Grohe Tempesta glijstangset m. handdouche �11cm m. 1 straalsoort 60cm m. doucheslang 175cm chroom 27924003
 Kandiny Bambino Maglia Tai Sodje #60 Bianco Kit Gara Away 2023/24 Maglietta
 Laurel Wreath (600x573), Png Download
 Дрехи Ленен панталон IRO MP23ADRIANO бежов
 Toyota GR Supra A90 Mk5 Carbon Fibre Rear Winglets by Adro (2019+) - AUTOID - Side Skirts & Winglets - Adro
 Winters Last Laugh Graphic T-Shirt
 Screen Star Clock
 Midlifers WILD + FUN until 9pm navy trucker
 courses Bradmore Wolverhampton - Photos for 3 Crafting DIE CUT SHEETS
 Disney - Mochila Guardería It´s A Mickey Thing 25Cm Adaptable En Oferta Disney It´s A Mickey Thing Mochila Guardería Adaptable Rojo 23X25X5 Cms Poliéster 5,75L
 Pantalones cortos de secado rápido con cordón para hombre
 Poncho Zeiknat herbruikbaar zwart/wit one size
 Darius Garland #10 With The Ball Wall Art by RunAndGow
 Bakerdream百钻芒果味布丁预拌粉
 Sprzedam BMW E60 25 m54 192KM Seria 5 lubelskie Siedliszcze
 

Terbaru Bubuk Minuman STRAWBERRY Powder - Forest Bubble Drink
+++++
> TRY IT: All lines in the listing above between the line with "Дрехи Ленен панталон IRO MP23ADRIANO бежов" and the line with "courses Bradmore Wolverhampton", inclusive, should be set down exactly, and no line outside that range.

> FINISHED TASK:
 Дрехи Ленен панталон IRO MP23ADRIANO бежов
 Toyota GR Supra A90 Mk5 Carbon Fibre Rear Winglets by Adro (2019+) - AUTOID - Side Skirts & Winglets - Adro
 Winters Last Laugh Graphic T-Shirt
 Screen Star Clock
 Midlifers WILD + FUN until 9pm navy trucker
 courses Bradmore Wolverhampton - Photos for 3 Crafting DIE CUT SHEETS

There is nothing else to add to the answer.